Data segment:
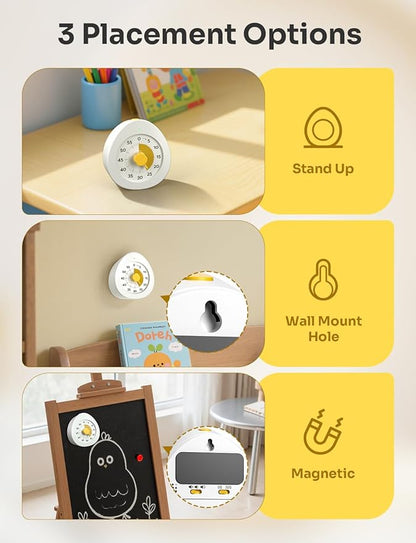 LIORQUE Visual Timer for Kids, 60-Minute Countdown Kitchen Timers for Cooking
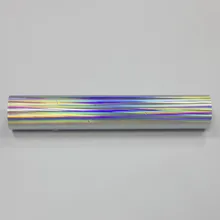 Теплообмена винил голограмма серебро Радуга винил украшение фильма железа на переводы для одежды футболка шапка 50 см x 200 см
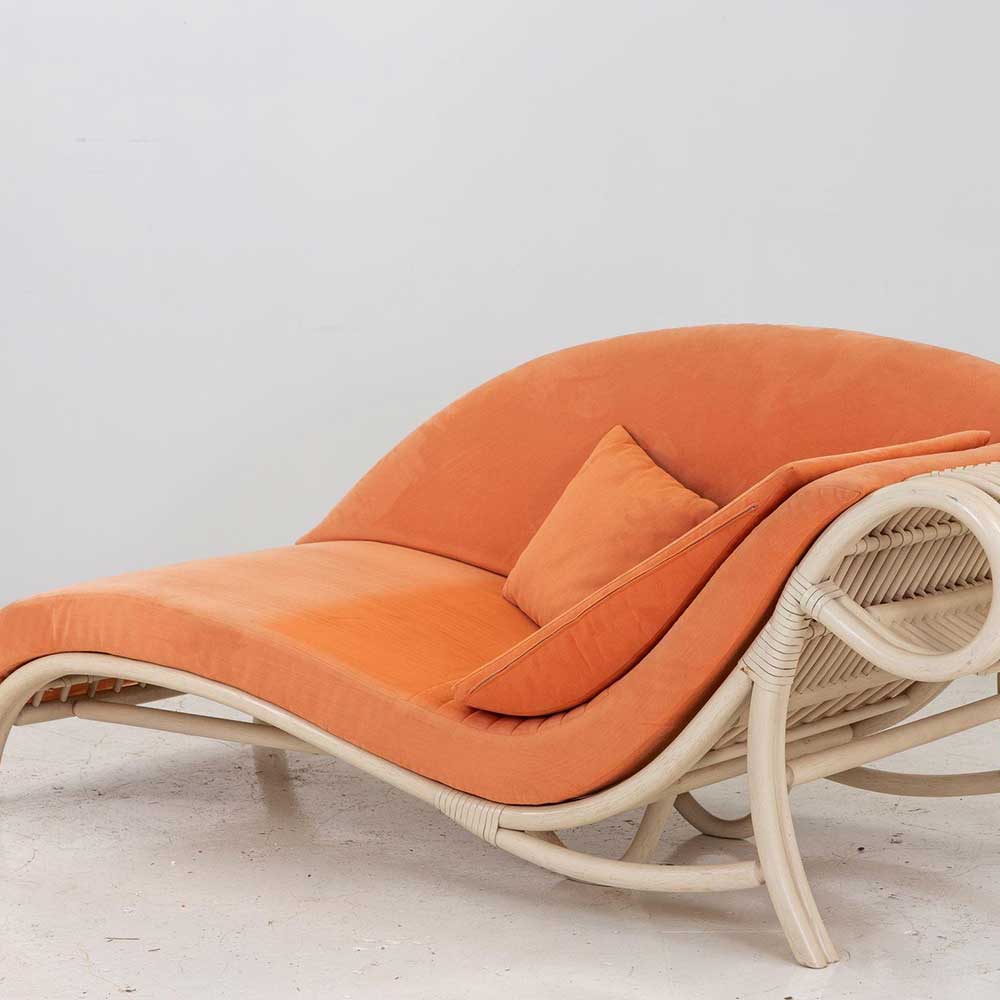 Scroll Rattan Chaise Longue – Cream Frame & Orange Upholstery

Task requirements: Exactly the lines from the one that contains "Теплообмена винил голограмма" to the last line of the data, both included, should be set down, and no pictures should appear among them.

Task output:
 Теплообмена винил голограмма серебро Радуга винил украшение фильма железа на переводы для одежды футболка шапка 50 см x 200 см
 Scroll Rattan Chaise Longue – Cream Frame & Orange Upholstery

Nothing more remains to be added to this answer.